* _ACTIVITY_
Copy every entry exactly, but skip the pictures.

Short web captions

━━━━━━━━━━

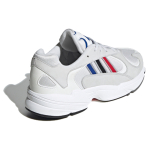 Adidas originals Yung-1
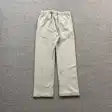 Pants — photo 22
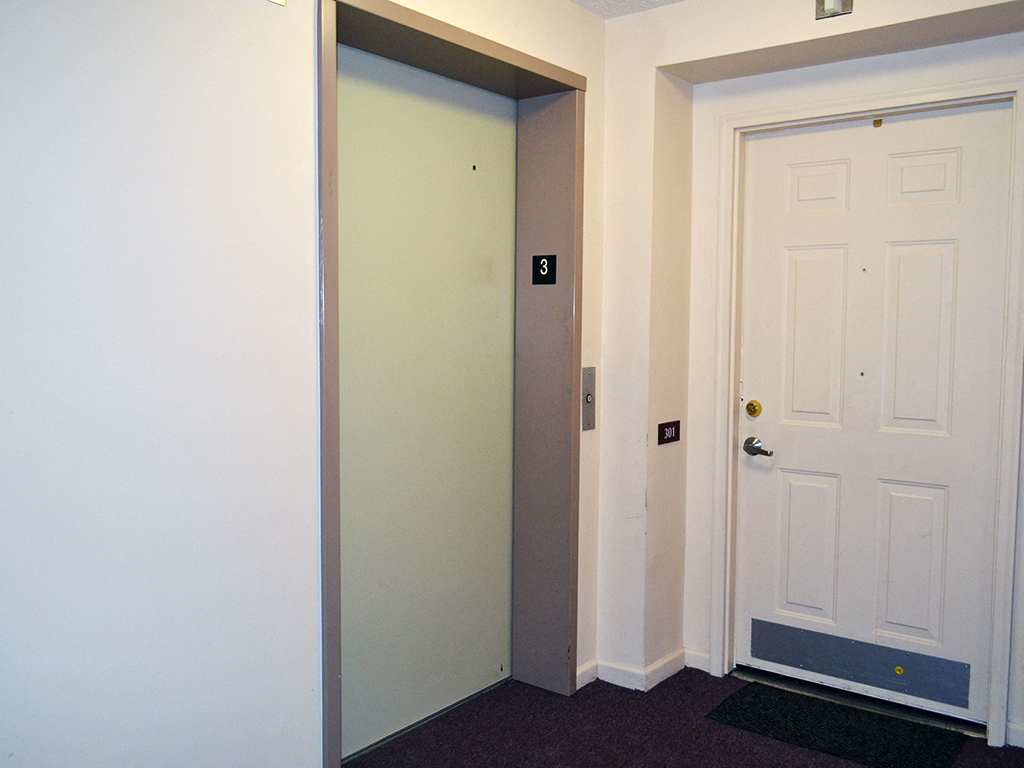 Gallery Photo 2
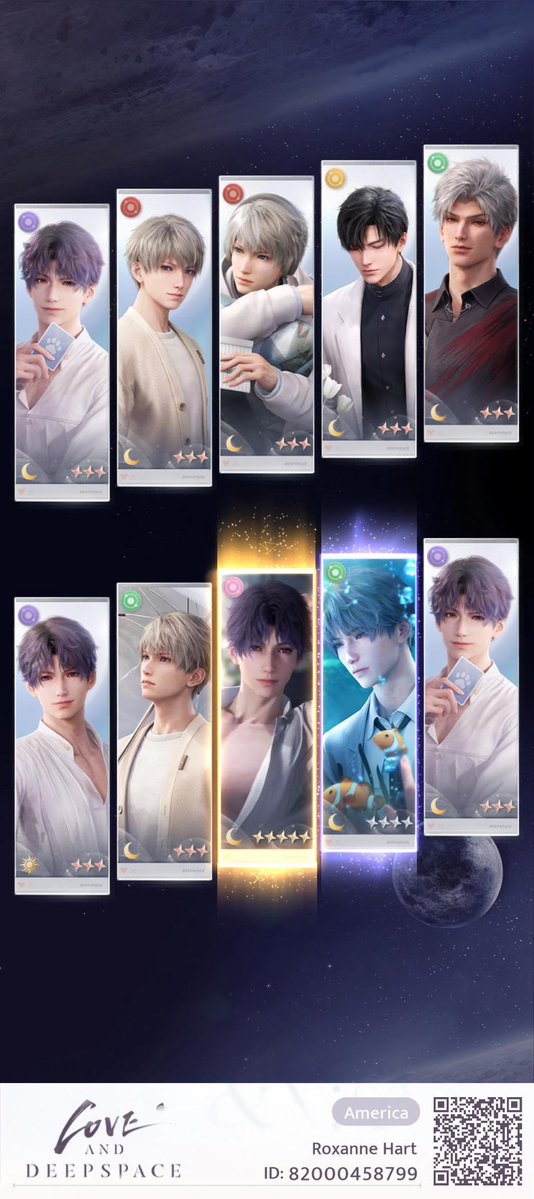 Red Mage Roxy tweet media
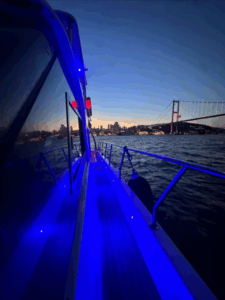 Yacht Thumbnail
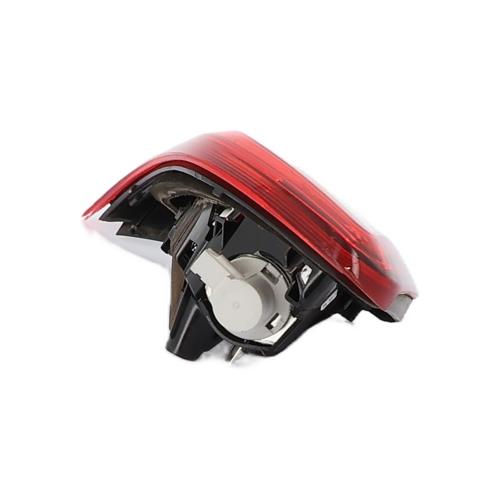 Image Feu arriere secondaire droit (feux) - OPEL CORSA E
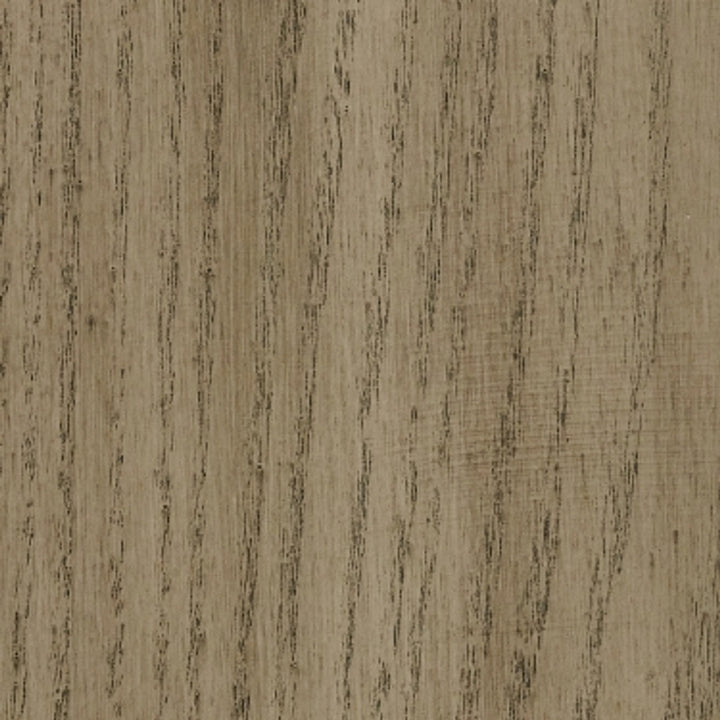 American Leather - Wood Finish - Dune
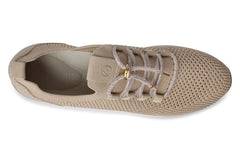 REM WILMA - Crispins Shoes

━━━━━━━━━━

* _TASK ANSWER_
 Adidas originals Yung-1
 Pants — photo 22
 Gallery Photo 2
 Red Mage Roxy tweet media
 Yacht Thumbnail
 Image Feu arriere secondaire droit (feux) - OPEL CORSA E
 American Leather - Wood Finish - Dune
 REM WILMA - Crispins Shoes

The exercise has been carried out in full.